Estudos realizados na Ufac já comprovaram a viabilidade da produção de biodiesel a partir do óleo extraído dos frutos das palmeiras tucumã, jaci e uricuri. Um desafio tecnológico que tem impedido o uso em larga escala desses frutos é a inexistência de máquinas para quebrar os frutos e extrair o endosperma rico em óleo existente em seu interior. As perspectivas, entretanto, são animadoras, e modelos rudimentares de maquinas capazes de quebrar os frutos de babaçu já estão sendo utilizadas no Maranhão.

A exploração em larga escala das palmeiras em áreas de pastagens pode afetar negativamente a sobrevivência dessas populações nativas, pois a retirada dos frutos irá privar as mesmas de regenerações, ou seja, de plântulas para substituir as adultas que atingirem o final de sua vida útil. Por essa razão, estudos para compreender os mecanismos reprodutivos que essas espécies utilizam para ter sucesso na colonização de áreas de pastagens são imprescindíveis.
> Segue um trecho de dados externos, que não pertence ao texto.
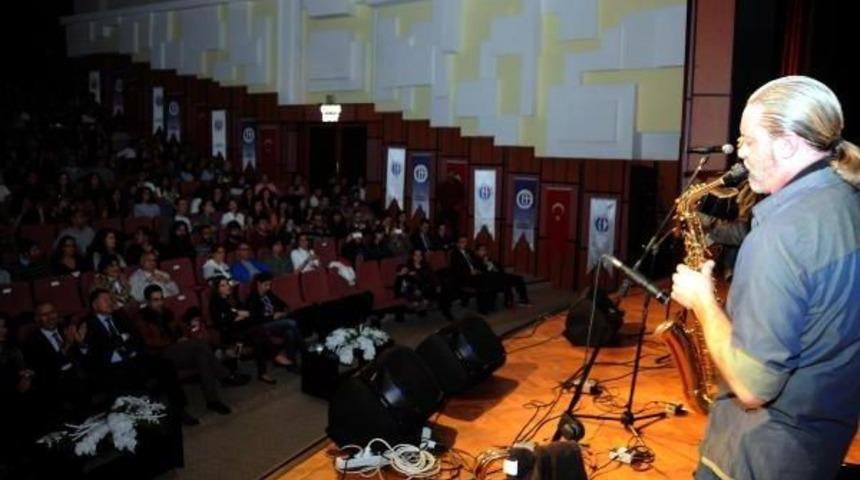 Gaziantep&rsquo;Te Blues Konseri &Ouml;ğrencileri Coşturdu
Nos próximos meses será iniciado um projeto para entender a estratégia que a palmeira uricuri adota para ter tanto sucesso em áreas de pastagens. Resultados de estudos anteriores já demonstraram que esta espécie é mais eficiente colonizando áreas de pastagens do que áreas florestais. Foi observado que a forma de germinação das sementes dessa espécie – remota tubular – favorece o desenvolvimento do corpo inicial da planta em profundidades de mais de 15 cm. Dessa forma, suas folhas são a única parte que emerge do solo nos primeiros anos de vida da mesma. Isso explica a sua aparente indestrutibilidade ao fogo, que no lugar de prejudicá-la, termina por favorecer a mesma ao eliminar outras plantas do entorno que competem por luz e água. Estratégia similar é empregada pela palmeira babaçu, que, em muitos casos, vira praga de pastagem cultivada.
E porque é importante entender a forma que o uricuri – e outras palmeiras – coloniza áreas de pastagens no leste do Acre?

Um eventual sucesso da exploração dos frutos das palmeiras mais comuns nas pastagens do leste do Acre pode, como foi dito acima, prejudicar a sobrevivência das mesmas no longo prazo. Além disso, se a exploração for muito vantajosa economicamente, seguramente haverá interesse dos produtores em adensar as populações. E como isso poderá ser feito?

Obviamente que os resultados desse tipo de pesquisa levam tempo para serem obtidos. Estamos, portanto, nos antecipando, nos prevenindo contra demandas por resultados de pesquisas para ‘ontem’, como tem sido a norma nas demandas do setor agropecuário e extrativista brasileiro.

E custa caro fazer isso agora? Não. Estamos começando estas ações de pesquisas orientando um projeto de pós-graduação – mestrado – que irá demandar observações criteriosas no campo. Nada de custosas analises laboratoriais, viagens de campo intermináveis e dispendiosas, etc. Afinal, as áreas de pesquisas estão próximas, acessíveis o ano todo.

* Evandro Ferreira é engenheiro agrônomo e pesquisador do INPA/Parque Zoobotânico da UFAC
** Davi Sopchaki é engenheiro florestal e aluno de pós-graduação do curso de mestrado em Ciências de Florestas Tropicais do INPA.